Exploring in a logical mode#
A lot of learning material arrives as a string of claims you’re quietly expected to swallow whole. You can do better than swallow. When you stop to ask why something is true, how the pieces hang together, and whether the argument actually holds, you stop being a passenger and start working the idea — and worked ideas are the ones that stick. That’s logical exploration: meeting material with reasoning and structure rather than just reading it through.
This isn’t a mode reserved for “logical people” or the mathematically minded — and matching study to a supposed “logical style” isn’t the lever it was sold as (what the evidence really says about learning styles ). It’s a general tactic, available to every learner, and it leans on one of the better-evidenced things we know about studying: when you elaborate on material — generate reasons, explain the connections, ask and answer “why” — you understand and remember it far better than when you simply re-read it (Dunlosky et al., 2013). Below are three ways to do that on purpose.
Probe the logic — the OSAID check#
Don’t assume your material is right just because it’s printed. A great deal of what you read is the author’s reasoning, and reasoning can be sound or shaky. Get into the habit of testing the argument underneath a claim — the author’s, and your own. OSAID is a small mnemonic for five kinds of reasoning to look for:
- Objective. Is the argument built on facts? Ask: how do you know they’re facts? Could they be opinions or assumptions wearing a fact’s coat?

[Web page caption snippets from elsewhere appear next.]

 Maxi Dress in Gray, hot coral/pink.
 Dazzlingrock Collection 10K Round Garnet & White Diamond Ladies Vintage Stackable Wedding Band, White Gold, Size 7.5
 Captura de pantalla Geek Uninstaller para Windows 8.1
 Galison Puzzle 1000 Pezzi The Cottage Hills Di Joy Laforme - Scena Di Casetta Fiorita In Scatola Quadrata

- Subjective. Is it built on opinion — the author’s, or someone they’re quoting? Ask: do you trust the source? How reliable is it?
- Assumptive. Is it resting on an unstated assumption? Ask: whose assumption, and what falls over if it’s wrong?

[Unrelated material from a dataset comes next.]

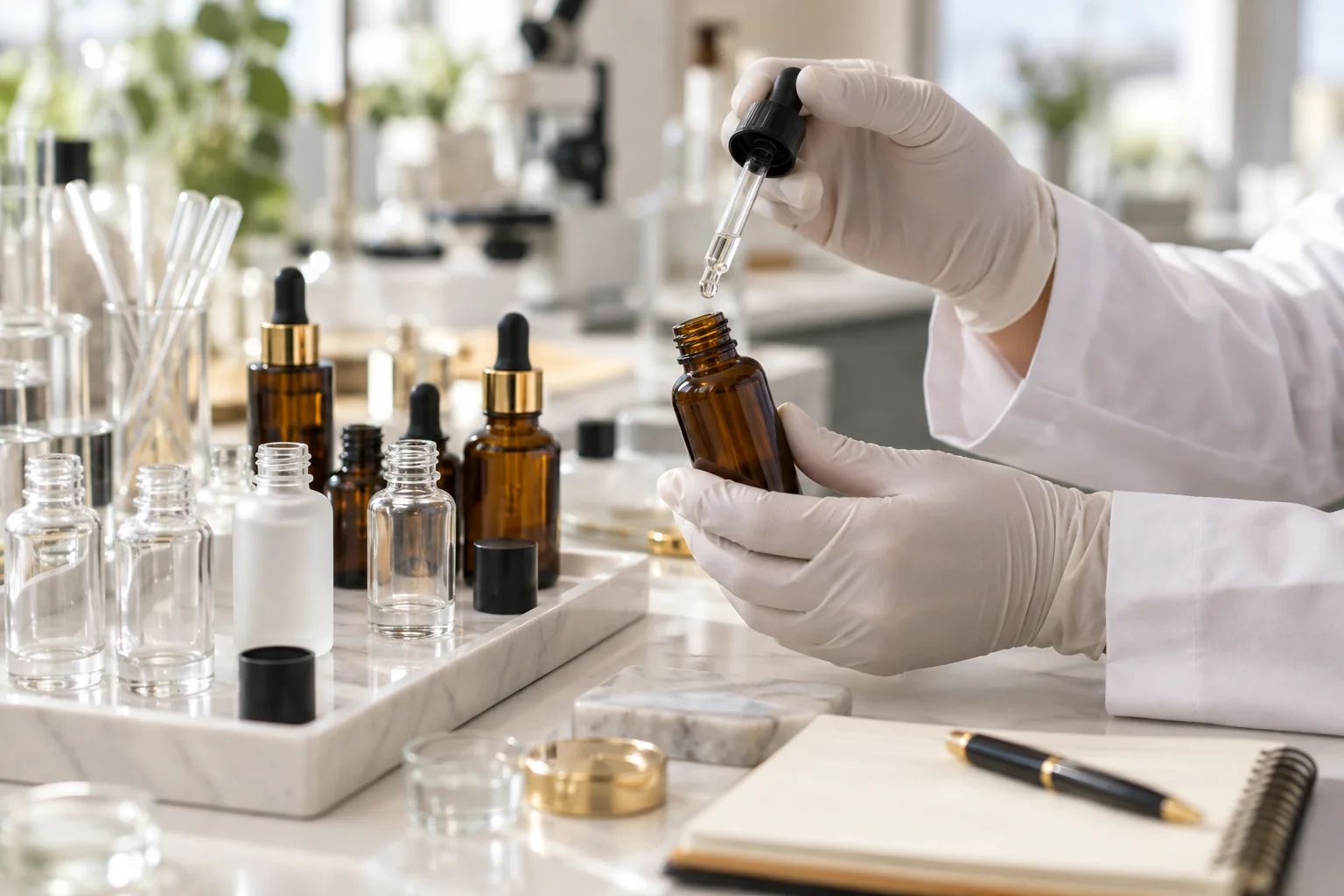 Packaging technician evaluating an amber glass dropper bottle and pipette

- Inductive. Does it reach a general conclusion from a few specific cases? Ask: can you think of a case that breaks it?
- Deductive. Does it reach a specific conclusion from principles taken as true? Ask: are those principles actually true, and is the step from them to the conclusion a fair one?

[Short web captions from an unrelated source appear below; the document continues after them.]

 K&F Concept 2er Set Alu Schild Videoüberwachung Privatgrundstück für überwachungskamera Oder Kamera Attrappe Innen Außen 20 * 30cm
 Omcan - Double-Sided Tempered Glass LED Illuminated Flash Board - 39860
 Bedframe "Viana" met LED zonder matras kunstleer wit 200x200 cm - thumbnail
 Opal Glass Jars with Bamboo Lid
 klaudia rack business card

The point of OSAID isn’t to win arguments — it’s that the questioning itself is the learning. Working out which kind of reasoning a claim depends on, and where it’s vulnerable, forces you to engage with the material’s structure rather than skate over it. That active interrogation is exactly the kind of elaboration that deepens understanding, and it doubles as a defence against quietly absorbing something that’s wrong.
Build a logic tree#
A logic tree is a simple diagram: a key statement at the top, then branches of supporting reasons or points underneath, each of which may branch again. It’s a way of making an argument’s shape visible — what’s load-bearing, what merely decorates, where a claim is propped up by one thin branch.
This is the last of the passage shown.